A unified dataset for weed detection and segmentation in crops, optimized for YOLO models. It combines an original dataset of 9 common weed species from the León region with a portion of the Veridis dataset. The dataset was created by unileon-robotics and was last updated on Hugging Face in May 2026.
Use Cases
- Training object detection models for weed identification based on annotated images.
- Developing semantic segmentation models for precise weed localization in crop fields.
- Benchmarking YOLO-based models on agricultural computer vision tasks.

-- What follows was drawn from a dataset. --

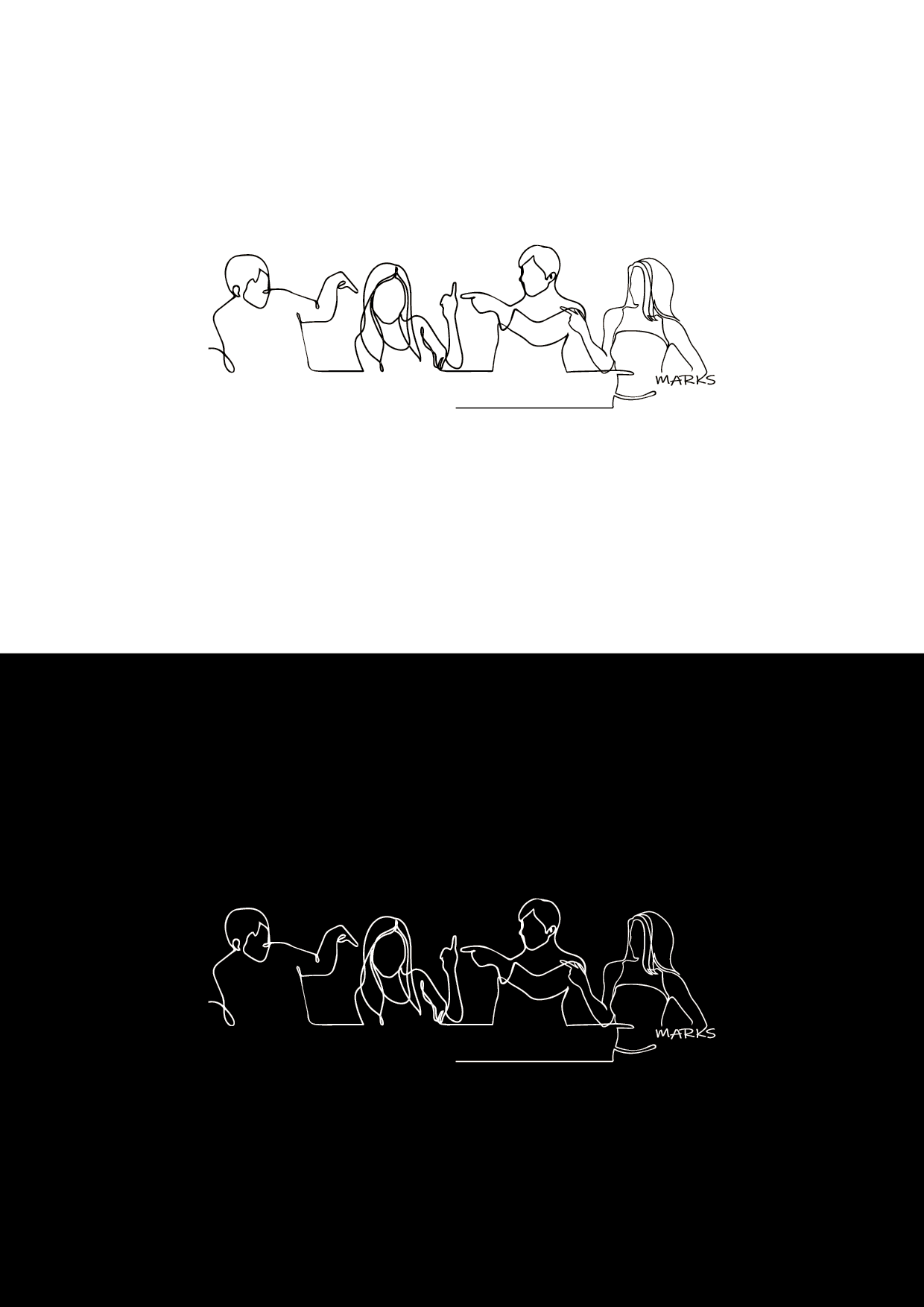 Grafik-Design von mosu für dieses Projekt | Design #29248534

- Creating synthetic data pipelines by combining multiple weed image sources.
Strengths
- Combines data from two sources, likely increasing diversity.
- Specifically optimized for the popular YOLO model architecture.
- Focuses on 9 common weed species from a defined geographic region (León).
Limitations
- Description metadata is limited; actual data quality requires manual inspection after download.
- Column-level documentation is absent; field semantics must be inferred after download.
- Row count, file formats, and license are unknown, which may limit suitability assessment.
Provenance
- Source
- unileon-robotics on Hugging Face.
- Collection Method
- Combination of an original dataset and a portion of the Veridis dataset.
- Freshness
- Last updated 2026-05-05 08:46:34; freshness should be verified.
- Geography
- Weed species are common in the León region.